- Born: 1963 (age 61–62) Chicago, Illinois, U.S.
- Education: Drake University
- Occupation(s): Journalist, writer
- Years active: 1984–present
- Known for: Windy City Times; Gay Press, Gay Power;
- Movement: LGBTQ rights

= Tracy Baim =

American journalist, editor, publisher, author, and filmmaker

Tracy Baim (born 1963) is a Chicago-based LGBTQ journalist, editor, author, and filmmaker. As one of the founders of Windy City Times (WCT), she is the current owner of the newspaper and Windy City Media Group. She is also a former publisher of the Chicago Reader newspaper.

In addition to her publishing career, she has also written 14 books like Out and Proud in Chicago: An Overview of the City’s Gay Movement (2008), Obama and the Gays: A Political Marriage (2010), and Gay Press, Gay Power (2012).

==Biography==
Baim was born in 1963 in Chicago, Illinois into a family of journalists and photographers. Her mother was Joy Darrow (1934–1996)—the former Chicago Tribune reporter and grandniece of Clarence Darrow who was born in Whitefish Bay, Wisconsin. Her father is photographer Hal Baim, who is also involved with the WCT.

Baim attained a journalism degree from Drake University in the field of news-editorialism in 1984.

==Career==

In 1985, Baim, Drew Badanish, Bob Bearden, and Jeff MacCourt founded Windy City Times, an LGBTQ-focused newspaper. Baim also started Sentury Publications to publish the paper. She is currently the publisher and executive editor of the paper. She also co-founded another newspaper Outlines in 1987 after leaving Sentury.

Baim joined the Chicago Reader in 2018. Baim resigned in 2022.

==Awards and honors==
- 1994: Chicago Gay and Lesbian Hall of Fame Inductee.
- 1994: Chicago Torch Award winner. Given by the Human Rights Campaign Fund.
- 1995: Crain’s Chicago Business 40 Under 40 leader.
- 2005: Community Media Workshop’s Studs Terkel Award.
- 2012: Top 10 selection from the GLBT Round Table of the American Library Association for Gay Press, Gay Power.
- 2013: Lifetime Achievement Award.

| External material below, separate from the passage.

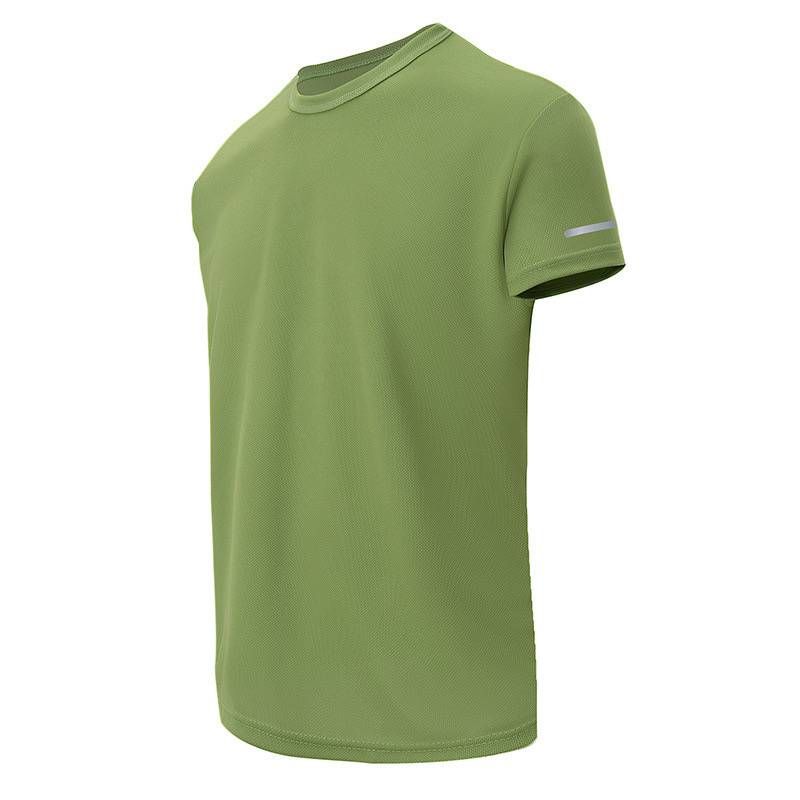 Sommer Herren Pure Color Schnelltrocknendes Sport Kurzarm Lose Laufen und Wandern Casual T-Shirt Mode_voghion.com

From the Chicago Headline Club at the 37th annual Peter Lisagor Awards for Exemplary Journalism.
- 2014: Fueling the Frontlines Awards honoree.
- 2014: Association of LGBTI Journalists Hall of Fame Inductee.

Baim was also nominated in 2013 for a Lambda Literary Award for LGBT Studies for Gay Press, Gay Power.

==Works==
===Journalism===
- GayLife. Editorial Assistant.
- Windy City Times. Co-founder 1985. Owner, publisher, writer, photographer.
- Outlines newspaper. Co-founded 1987.
- Huffpost. Contributor.
- Chicago Reader. Publisher 2018. Co-publisher 2018–2022.

===Books===
- Out! A Resource Guide for Gay & Lesbian Supportive Businesses, Professionals and Organizations (1993)
- Kuda: Gay & Proud (2003)
- Out and Proud in Chicago (2008)
- Obama and the Gays: A Political Marriage (2010)
- The Half Life of Sgt. Jen Hunter (2010)
- Leatherman: The Legend of Chuck Renslow (2011)
- Jim Flint: The Boy from Peoria (2011)
- Gay Press, Gay Power: The Growth of LGBT Community Newspapers in America (2012)
- Vernita Gray: From Woodstock to the White House (2014; with Owen Keehan)
- The Fight for Marriage Equality in the Land of Lincoln (2014)
- The Best of Knight at the Movies (2014)
- Barbara Gittings: Gay Pioneer (2015)
- Art AIDS America Chicago (2019; contributor, with Staci Boris (editor), Christopher Audain, Lora Branch and Karen Finley)
- Liberating Healthcare: 50 Years of Resistance, Resilience, and Healing at Howard Brown Health (2025)

===Films===
- Hannah Free (2008; producer, Ripe Fruit Films)
- Scrooge & Marley (2012; producer, Sam I Am Films)

===Other projects===
- That's So Gay. LGBT history trivia game.
- Pride Action Tank. Co-founder.
- Chicago Independent Media Alliance. Fundraising organization for community media. 2020.
- Gay Games VII. Co-vice chair.
- March on Springfield for Marriage Equality. Founded 2013.